These three words, in that specific order, constitute one of the most commonly spoken sentences in the English language. If ‘hello’ forms the foundation of social interaction, ‘how are you’ traditionally constitutes the next layer up from that foundation.
But, I have come to develop something of a problem with this phrase in recent months, mainly owing to the lack of sincerity with which it is often being used. I have bought into this too; my observation and thoughts here derive from both a first and second person perspective.
If you are one of a large number of people in this world who lives with depression, or other issues relating to mental and emotional health, ‘how are you?’ may become more and more torturous as the years go by. It has for me, and I recently reached the limit of my patience for it being asked without any expectation of an honest reply.
Here is my advice to all reading this: never, NEVER ask someone how they are if you have already decided what you want the answer to be. It is literally better to say nothing at all than to mentally define what you want the parameters of a conversation to be before you go into it. If you ask someone how they are, but have already decided that you want the answer to be ‘good’ or ‘fine’, there is a strong chance, unless you have a decent understanding of the defence mechanisms of suppression and denial, that you will respond negatively if the person you are asking responds by telling you they are experiencing negative emotion.
I have had my emotions abused so many times in the space of my lifetime I have lost count. It has run into the thousands. These instances range from the innocuous and non-premeditated to the deeply calculated. I have seen it all.
Coming from a family of people who have the emotional literacy of a dustbin has primed me well for encountering an endless succession of people who treat my emotions and feelings like faeces. This in turn causes me to introspect and look at the relationship I have with my own feelings; how I treat them. It turns out that the answer is: “not very well”. I would like to improve this, but when your own family taught you as a small child that emotions are something to be shunned and shamed, acceptance of one’s own feelings can be challenging. In my own experience, it has been excruciating to the point of agony.
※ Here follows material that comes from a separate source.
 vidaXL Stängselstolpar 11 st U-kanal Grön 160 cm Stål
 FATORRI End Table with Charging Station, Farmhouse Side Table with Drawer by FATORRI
So, I decided recently to make a commitment to handling “How are you?” differently, and it was to answer the question honestly. From my current perspective, I do not anticipate a particularly positive response to this. The few friends I have are not the kind of people whom have an interest in emotional honesty. My family are not the kind of people who are able to handle this without defaulting to invalidation. The test for me will be to stand my ground, and admit to feelings of depression even in the face of this invalidation. It is not self loving to lie and say that you are fine if you are not fine. Deep down, everyone knows this, but accepts blindly that we have created a culture in which emotional inauthenticity is not just the norm, but rewarded.
From a personal perspective, I have seen the terrible damage my fakery has wrought, so could easily argue I have little to lose. As a person with little to no sense of self, I have only the small number of insights I have gained, and some inner strength to accompany me as I speak plainly to those who would seek to punish me for doing so. This is a lonely path, irrespective of whether it is the ‘right’ one.
I would like to see our culture prioritize emotional authenticity in social interaction. I would like every person who lives with depression to stop feeling as though they need to lie to people when asked how they are. You DO NOT have to say you are fine if you are not. You are a human being, you were designed to feel. If other people cannot handle the fact that sadness and anger are naturally occurring human emotions, that is their shadow to integrate, and therefore, their problem – not yours.